* [Exercise data]:
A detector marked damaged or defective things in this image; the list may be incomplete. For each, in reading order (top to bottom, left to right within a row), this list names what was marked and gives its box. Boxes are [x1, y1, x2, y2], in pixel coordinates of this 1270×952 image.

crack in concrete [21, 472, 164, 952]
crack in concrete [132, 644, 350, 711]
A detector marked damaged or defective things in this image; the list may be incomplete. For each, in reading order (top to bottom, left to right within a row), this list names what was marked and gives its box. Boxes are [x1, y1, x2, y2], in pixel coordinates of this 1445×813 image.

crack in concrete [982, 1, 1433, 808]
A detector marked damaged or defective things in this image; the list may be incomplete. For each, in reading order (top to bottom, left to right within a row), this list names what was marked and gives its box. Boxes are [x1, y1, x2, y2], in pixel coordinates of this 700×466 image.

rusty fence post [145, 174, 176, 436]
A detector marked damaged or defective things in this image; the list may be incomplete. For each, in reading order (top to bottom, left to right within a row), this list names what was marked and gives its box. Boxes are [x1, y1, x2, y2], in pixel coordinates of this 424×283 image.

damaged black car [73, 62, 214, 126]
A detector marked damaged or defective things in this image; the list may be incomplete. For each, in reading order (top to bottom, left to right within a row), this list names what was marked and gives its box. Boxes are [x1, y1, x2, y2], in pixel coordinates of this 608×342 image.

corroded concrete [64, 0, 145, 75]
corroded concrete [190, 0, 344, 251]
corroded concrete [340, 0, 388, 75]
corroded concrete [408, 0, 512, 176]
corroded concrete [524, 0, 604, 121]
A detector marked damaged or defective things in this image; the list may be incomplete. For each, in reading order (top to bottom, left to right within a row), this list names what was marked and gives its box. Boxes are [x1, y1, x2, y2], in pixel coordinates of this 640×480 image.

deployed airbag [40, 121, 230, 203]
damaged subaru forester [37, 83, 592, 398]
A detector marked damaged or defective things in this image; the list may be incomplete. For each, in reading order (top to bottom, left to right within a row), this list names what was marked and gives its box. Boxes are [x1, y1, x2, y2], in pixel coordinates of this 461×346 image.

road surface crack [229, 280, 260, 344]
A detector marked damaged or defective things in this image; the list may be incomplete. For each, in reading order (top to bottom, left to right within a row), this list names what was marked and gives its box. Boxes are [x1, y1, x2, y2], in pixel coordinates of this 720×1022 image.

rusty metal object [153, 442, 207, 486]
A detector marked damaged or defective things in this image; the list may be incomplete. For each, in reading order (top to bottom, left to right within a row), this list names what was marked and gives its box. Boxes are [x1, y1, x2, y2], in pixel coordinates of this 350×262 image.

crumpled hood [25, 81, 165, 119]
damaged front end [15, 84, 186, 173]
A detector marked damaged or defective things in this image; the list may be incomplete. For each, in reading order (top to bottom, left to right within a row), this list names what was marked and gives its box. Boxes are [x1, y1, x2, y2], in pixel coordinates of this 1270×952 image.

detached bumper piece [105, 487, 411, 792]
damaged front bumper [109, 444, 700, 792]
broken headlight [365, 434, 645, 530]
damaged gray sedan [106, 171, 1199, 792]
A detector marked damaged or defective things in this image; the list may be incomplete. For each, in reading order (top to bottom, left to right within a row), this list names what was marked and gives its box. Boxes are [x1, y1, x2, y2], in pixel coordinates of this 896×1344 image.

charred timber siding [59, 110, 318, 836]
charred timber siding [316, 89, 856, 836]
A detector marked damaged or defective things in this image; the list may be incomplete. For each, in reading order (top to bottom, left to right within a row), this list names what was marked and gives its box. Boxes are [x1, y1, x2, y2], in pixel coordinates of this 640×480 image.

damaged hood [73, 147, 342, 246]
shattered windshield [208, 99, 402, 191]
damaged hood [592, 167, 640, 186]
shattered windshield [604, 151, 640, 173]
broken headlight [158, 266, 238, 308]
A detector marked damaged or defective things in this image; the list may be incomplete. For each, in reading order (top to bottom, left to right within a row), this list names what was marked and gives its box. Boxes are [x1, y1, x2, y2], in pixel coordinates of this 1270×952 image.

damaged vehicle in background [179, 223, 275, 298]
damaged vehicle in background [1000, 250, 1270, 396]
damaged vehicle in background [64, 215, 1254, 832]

* [Instructions to follow]: Reproduce all the data word for word.

* [Problem solution]:
A detector marked damaged or defective things in this image; the list may be incomplete. For each, in reading order (top to bottom, left to right within a row), this list names what was marked and gives its box. Boxes are [x1, y1, x2, y2], in pixel coordinates of this 1270×952 image.

crack in concrete [21, 472, 164, 952]
crack in concrete [132, 644, 350, 711]
A detector marked damaged or defective things in this image; the list may be incomplete. For each, in reading order (top to bottom, left to right within a row), this list names what was marked and gives its box. Boxes are [x1, y1, x2, y2], in pixel coordinates of this 1445×813 image.

crack in concrete [982, 1, 1433, 808]
A detector marked damaged or defective things in this image; the list may be incomplete. For each, in reading order (top to bottom, left to right within a row), this list names what was marked and gives its box. Boxes are [x1, y1, x2, y2], in pixel coordinates of this 700×466 image.

rusty fence post [145, 174, 176, 436]
A detector marked damaged or defective things in this image; the list may be incomplete. For each, in reading order (top to bottom, left to right within a row), this list names what was marked and gives its box. Boxes are [x1, y1, x2, y2], in pixel coordinates of this 424×283 image.

damaged black car [73, 62, 214, 126]
A detector marked damaged or defective things in this image; the list may be incomplete. For each, in reading order (top to bottom, left to right within a row), this list names what was marked and gives its box. Boxes are [x1, y1, x2, y2], in pixel coordinates of this 608×342 image.

corroded concrete [64, 0, 145, 75]
corroded concrete [190, 0, 344, 251]
corroded concrete [340, 0, 388, 75]
corroded concrete [408, 0, 512, 176]
corroded concrete [524, 0, 604, 121]
A detector marked damaged or defective things in this image; the list may be incomplete. For each, in reading order (top to bottom, left to right within a row), this list names what was marked and gives its box. Boxes are [x1, y1, x2, y2], in pixel coordinates of this 640×480 image.

deployed airbag [40, 121, 230, 203]
damaged subaru forester [37, 83, 592, 398]
A detector marked damaged or defective things in this image; the list may be incomplete. For each, in reading order (top to bottom, left to right within a row), this list names what was marked and gives its box. Boxes are [x1, y1, x2, y2], in pixel coordinates of this 461×346 image.

road surface crack [229, 280, 260, 344]
A detector marked damaged or defective things in this image; the list may be incomplete. For each, in reading order (top to bottom, left to right within a row), this list names what was marked and gives its box. Boxes are [x1, y1, x2, y2], in pixel coordinates of this 720×1022 image.

rusty metal object [153, 442, 207, 486]
A detector marked damaged or defective things in this image; the list may be incomplete. For each, in reading order (top to bottom, left to right within a row), this list names what was marked and gives its box. Boxes are [x1, y1, x2, y2], in pixel coordinates of this 350×262 image.

crumpled hood [25, 81, 165, 119]
damaged front end [15, 84, 186, 173]
A detector marked damaged or defective things in this image; the list may be incomplete. For each, in reading order (top to bottom, left to right within a row), this list names what was marked and gives its box. Boxes are [x1, y1, x2, y2], in pixel coordinates of this 1270×952 image.

detached bumper piece [105, 487, 411, 792]
damaged front bumper [109, 444, 700, 792]
broken headlight [365, 434, 645, 530]
damaged gray sedan [106, 171, 1199, 792]
A detector marked damaged or defective things in this image; the list may be incomplete. For each, in reading order (top to bottom, left to right within a row), this list names what was marked and gives its box. Boxes are [x1, y1, x2, y2], in pixel coordinates of this 896×1344 image.

charred timber siding [59, 110, 318, 836]
charred timber siding [316, 89, 856, 836]
A detector marked damaged or defective things in this image; the list may be incomplete. For each, in reading order (top to bottom, left to right within a row), this list names what was marked and gives its box. Boxes are [x1, y1, x2, y2], in pixel coordinates of this 640×480 image.

damaged hood [73, 147, 342, 246]
shattered windshield [208, 99, 402, 191]
damaged hood [592, 167, 640, 186]
shattered windshield [604, 151, 640, 173]
broken headlight [158, 266, 238, 308]
A detector marked damaged or defective things in this image; the list may be incomplete. For each, in reading order (top to bottom, left to right within a row), this list names what was marked and gives its box. Boxes are [x1, y1, x2, y2], in pixel coordinates of this 1270×952 image.

damaged vehicle in background [179, 223, 275, 298]
damaged vehicle in background [1000, 250, 1270, 396]
damaged vehicle in background [64, 215, 1254, 832]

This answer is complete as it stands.